Tuesday, March 22, 2011
NFC West teams back kickoff changes
By Mike Sando
NEW ORLEANS -- Two teams with dynamic kickoff returners voted against an NFL rules proposal that could limit returns.
NFC West teams were not among them even though Seattle's Leon Washington and Arizona's LaRod Stephens-Howling could suffer from its passage.
In the end, the NFL opted for a watered-down version of the original proposal by a 26-6 vote at the NFL owners meeting Tuesday. Teams will kick off from their own 35-yard line instead of from the 30. Coverage teams will line up no closer than five yards behind the restraining line before kickoff.
The changes appear likely to produce more touchbacks and less violent collisions during returns, removing from the game numerous chances for injuries. Critics complained that too many restrictions could eliminate an important part of the game.
"Just because it gets kicked into the end zone doesn't mean you can't bring it out," St. Louis Rams coach Steve Spagnuolo said. "That might be an exciting play, when somebody decides three yards deep (to bring it out).
"If you had a kicker that could drop it on the 1, then your guys are five yards closer, maybe you get them inside the 10. I think it would bring in some strategy. But again, the key was the safety."
Owners cast aside two other changes. One would have given teams possession at the 25 instead of the 20 on touchbacks. Another would have eliminated two-man wedge blocks.
Cincinnati, Jacksonville, Oakland, Philadelphia, Cleveland and Chicago voted against the compromise measure. The Bears' Devin Hester and the Browns' Josh Cribbs have ranked among the NFL's top returners over the years, perhaps explaining their teams' opposition.
Washington and Stephens-Howling have been highly productive, too, but their teams favored the compromise proposal in the name of player safety.

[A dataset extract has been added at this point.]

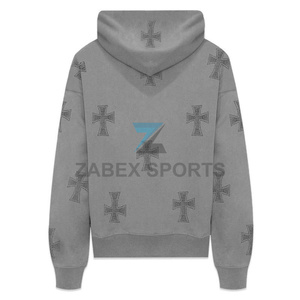 Sudadera con Pedrería Personalizada para Hombre, Ropa Urbana de Invierno, 2 Piezas MOQ, Prendas de Alta Calidad - Product Image 2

"You gotta have an eye toward player safety," Cardinals coach Ken Whisenhunt said. "What this is doing is trying to reduce the number of times that you are exposing players to those injuries without taking away an exciting component of the football game."
Baltimore's John Harbaugh, the only NFL head coach whose background was primarily as a special-teams coach, expects some new strategizing.
"Cover teams may try to pin people," Harbaugh said. "That is why they went from the 25 to the 20 with the touchback, so you have a little more incentive for a touchback. If the ball is coming out to the 25, you might be more willing to take your chances because you are covering from the 35 and with a high-hangtime kick, that is very coverable.
"I still think teams will try that at times, but you are probably pretty likely to try for a touchback if it is going to come back to the 20."